O desafio agora é como construir uma comunidade de fé mais estável, que se reconheça enquanto comunidade, nessa nova realidade. Podemos, por instinto, rejeitar e condenar atitudes que desconstruam a paroquialidade, esperando minar os "desertores". Não se deve esperar muito desses rótulos e métodos. Não têm produzido efeitos em nossos tempos. Mas, um olhar mais criterioso nos leva a considerar a necessidade de maior unidade nas ações para que, ao menos, essa necessidade do diferente, que gera a liquidez na pertença, seja diminuída. Não se trata de enrigecer os modelos, mas não permitir que a "criatividade desenfreada" gere uma disputa por fiéis. Seria um descalabro. Todos pertencemos à Igreja de Cristo que se realiza/manisfesta em uma comunidade.

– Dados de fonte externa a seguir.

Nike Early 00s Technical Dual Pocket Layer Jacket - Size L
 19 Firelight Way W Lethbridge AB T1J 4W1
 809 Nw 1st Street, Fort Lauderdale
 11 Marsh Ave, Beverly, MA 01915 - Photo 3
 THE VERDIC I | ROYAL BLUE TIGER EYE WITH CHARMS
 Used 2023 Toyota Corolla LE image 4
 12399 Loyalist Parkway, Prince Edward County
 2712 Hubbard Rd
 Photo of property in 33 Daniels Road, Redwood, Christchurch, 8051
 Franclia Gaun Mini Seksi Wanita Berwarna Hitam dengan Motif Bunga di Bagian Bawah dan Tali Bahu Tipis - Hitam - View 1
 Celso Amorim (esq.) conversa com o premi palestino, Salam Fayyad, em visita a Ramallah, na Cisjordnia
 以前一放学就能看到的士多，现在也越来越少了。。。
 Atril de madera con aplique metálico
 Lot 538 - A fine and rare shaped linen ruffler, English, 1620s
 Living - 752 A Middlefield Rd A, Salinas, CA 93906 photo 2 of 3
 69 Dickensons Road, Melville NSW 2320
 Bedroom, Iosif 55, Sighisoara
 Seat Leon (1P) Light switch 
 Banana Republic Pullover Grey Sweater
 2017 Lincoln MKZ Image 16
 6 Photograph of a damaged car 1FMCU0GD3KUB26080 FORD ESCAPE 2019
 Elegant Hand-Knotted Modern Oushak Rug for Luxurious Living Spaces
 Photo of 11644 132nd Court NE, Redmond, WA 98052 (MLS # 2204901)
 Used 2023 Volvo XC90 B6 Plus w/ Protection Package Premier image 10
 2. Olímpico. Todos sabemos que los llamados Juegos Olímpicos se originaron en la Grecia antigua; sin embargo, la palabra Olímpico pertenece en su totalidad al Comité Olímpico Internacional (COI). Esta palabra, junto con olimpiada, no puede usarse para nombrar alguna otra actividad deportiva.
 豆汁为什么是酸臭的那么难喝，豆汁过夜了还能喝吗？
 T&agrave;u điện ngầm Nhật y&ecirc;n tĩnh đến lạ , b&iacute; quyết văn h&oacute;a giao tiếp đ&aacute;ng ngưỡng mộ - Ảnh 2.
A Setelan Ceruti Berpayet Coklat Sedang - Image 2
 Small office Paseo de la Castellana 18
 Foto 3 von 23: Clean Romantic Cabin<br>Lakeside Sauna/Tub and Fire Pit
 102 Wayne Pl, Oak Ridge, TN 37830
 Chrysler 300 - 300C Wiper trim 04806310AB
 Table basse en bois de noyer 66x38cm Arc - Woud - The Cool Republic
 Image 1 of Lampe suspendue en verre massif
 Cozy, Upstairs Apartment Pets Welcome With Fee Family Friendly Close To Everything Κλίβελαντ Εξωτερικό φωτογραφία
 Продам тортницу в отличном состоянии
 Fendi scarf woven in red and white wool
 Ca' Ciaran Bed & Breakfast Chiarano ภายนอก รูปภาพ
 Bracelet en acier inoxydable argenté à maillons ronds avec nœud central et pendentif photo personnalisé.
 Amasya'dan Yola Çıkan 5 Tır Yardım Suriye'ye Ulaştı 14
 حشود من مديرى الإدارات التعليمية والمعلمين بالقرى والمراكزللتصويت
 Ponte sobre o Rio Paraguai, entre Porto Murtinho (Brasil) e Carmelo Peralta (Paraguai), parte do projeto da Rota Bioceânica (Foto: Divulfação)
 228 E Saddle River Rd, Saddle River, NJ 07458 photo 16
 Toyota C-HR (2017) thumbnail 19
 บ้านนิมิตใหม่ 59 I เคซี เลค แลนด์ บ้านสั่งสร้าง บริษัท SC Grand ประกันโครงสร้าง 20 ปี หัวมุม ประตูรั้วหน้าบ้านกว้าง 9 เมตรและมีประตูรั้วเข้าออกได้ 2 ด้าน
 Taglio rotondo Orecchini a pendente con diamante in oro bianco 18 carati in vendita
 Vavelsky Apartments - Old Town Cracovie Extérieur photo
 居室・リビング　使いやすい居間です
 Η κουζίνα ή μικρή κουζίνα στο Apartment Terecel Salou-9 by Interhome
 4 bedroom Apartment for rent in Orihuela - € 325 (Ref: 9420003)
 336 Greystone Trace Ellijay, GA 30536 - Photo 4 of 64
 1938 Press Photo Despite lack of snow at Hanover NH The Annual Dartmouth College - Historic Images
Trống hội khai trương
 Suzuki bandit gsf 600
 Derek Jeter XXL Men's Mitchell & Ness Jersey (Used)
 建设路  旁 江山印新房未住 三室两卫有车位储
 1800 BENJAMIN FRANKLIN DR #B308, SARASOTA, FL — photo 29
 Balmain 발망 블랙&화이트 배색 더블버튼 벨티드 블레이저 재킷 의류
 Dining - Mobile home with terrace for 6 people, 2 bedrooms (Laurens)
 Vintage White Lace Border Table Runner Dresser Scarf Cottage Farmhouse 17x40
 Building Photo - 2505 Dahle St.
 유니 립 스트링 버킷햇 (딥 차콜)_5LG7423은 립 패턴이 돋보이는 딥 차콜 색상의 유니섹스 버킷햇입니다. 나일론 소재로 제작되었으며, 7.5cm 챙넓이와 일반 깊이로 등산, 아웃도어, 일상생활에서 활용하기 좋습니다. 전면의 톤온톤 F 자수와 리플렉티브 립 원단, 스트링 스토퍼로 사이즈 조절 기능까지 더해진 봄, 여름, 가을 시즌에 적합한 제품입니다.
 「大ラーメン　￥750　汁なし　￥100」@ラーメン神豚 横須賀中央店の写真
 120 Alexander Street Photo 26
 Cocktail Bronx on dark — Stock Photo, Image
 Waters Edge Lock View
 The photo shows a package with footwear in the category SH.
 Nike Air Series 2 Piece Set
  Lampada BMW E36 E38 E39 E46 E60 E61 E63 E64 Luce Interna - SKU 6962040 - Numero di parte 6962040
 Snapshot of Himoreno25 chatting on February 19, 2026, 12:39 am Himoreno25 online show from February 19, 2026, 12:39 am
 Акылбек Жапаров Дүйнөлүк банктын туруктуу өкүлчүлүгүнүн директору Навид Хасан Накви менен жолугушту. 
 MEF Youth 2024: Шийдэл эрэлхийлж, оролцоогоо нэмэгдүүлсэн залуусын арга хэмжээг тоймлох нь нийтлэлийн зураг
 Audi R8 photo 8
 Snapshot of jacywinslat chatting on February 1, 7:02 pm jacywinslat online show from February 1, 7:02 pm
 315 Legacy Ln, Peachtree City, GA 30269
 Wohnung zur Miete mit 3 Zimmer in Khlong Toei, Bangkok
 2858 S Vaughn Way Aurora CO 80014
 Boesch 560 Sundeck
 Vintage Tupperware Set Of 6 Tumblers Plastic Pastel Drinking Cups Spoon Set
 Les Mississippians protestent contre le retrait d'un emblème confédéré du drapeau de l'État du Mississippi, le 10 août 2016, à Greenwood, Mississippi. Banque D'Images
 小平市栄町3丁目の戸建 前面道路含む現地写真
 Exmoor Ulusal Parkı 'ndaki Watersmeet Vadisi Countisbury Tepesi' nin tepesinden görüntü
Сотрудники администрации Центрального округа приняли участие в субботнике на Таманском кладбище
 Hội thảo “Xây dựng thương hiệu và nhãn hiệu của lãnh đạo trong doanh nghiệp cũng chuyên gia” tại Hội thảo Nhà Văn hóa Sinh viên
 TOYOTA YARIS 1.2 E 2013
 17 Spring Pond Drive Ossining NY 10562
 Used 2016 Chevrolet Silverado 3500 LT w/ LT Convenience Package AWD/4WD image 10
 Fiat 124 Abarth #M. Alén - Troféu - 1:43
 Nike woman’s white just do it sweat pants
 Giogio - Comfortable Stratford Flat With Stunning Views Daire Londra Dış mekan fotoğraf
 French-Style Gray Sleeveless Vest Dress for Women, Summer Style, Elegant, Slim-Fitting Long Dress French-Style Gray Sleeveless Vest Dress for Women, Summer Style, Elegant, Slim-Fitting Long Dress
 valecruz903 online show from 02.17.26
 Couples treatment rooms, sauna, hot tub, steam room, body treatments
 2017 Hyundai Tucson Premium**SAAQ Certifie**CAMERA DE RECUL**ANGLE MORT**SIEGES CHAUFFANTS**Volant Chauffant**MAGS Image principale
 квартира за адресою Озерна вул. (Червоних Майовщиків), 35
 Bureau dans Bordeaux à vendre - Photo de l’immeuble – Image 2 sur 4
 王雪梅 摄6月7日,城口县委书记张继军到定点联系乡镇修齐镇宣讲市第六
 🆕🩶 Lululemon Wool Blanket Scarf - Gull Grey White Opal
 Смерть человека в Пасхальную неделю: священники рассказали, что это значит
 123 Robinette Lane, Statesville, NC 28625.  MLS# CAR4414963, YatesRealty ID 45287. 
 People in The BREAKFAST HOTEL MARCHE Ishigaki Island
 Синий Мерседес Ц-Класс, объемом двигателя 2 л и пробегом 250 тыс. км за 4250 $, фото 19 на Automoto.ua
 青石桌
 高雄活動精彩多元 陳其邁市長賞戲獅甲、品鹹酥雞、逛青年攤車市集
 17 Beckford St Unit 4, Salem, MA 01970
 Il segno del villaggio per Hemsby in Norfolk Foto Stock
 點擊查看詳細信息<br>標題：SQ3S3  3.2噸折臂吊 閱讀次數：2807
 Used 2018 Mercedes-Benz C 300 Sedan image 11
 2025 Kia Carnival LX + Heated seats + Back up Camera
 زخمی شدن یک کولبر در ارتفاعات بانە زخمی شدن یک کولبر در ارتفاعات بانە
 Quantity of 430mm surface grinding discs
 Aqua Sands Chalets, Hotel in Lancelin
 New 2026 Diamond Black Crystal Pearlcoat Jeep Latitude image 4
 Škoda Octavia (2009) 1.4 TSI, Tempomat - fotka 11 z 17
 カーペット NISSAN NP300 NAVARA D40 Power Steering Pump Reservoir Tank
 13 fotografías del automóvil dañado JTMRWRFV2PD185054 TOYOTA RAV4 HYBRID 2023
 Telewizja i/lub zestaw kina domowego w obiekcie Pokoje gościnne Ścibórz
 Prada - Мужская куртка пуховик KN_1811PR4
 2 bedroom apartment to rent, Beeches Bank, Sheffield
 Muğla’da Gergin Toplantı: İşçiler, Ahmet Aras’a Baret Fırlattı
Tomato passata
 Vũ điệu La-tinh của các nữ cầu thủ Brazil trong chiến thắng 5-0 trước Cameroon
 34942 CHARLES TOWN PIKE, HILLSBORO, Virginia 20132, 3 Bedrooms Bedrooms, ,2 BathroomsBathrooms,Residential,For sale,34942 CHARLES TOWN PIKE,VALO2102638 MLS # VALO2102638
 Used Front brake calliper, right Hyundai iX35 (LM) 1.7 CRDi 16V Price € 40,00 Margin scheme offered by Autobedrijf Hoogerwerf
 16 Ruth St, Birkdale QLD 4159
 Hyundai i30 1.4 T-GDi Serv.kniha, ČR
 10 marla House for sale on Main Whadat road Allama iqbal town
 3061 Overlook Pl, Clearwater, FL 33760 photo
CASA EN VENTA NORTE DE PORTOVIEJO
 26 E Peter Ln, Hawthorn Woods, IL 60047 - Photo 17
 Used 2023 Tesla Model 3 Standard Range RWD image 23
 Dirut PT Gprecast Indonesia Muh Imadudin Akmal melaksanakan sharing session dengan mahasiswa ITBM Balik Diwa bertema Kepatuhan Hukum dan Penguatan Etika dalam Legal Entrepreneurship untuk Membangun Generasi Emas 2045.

Sinto que esse desejo de dar unidade, mesmo na diversidade, só pode se tornar realidade contando com a humildade dos clérigos e com a criação de diretrizes que se interrelacionam sistematicamente. São os sonhados diretórios que a Igreja em Natal, por inspiração de seu Pastor, ousa construir em sínodo. Nós todos devemos alegremente pensar na Igreja que somos e sonhar com a Igreja que seremos: mais convertida, mais mística, mais eucarística. Que assim seja.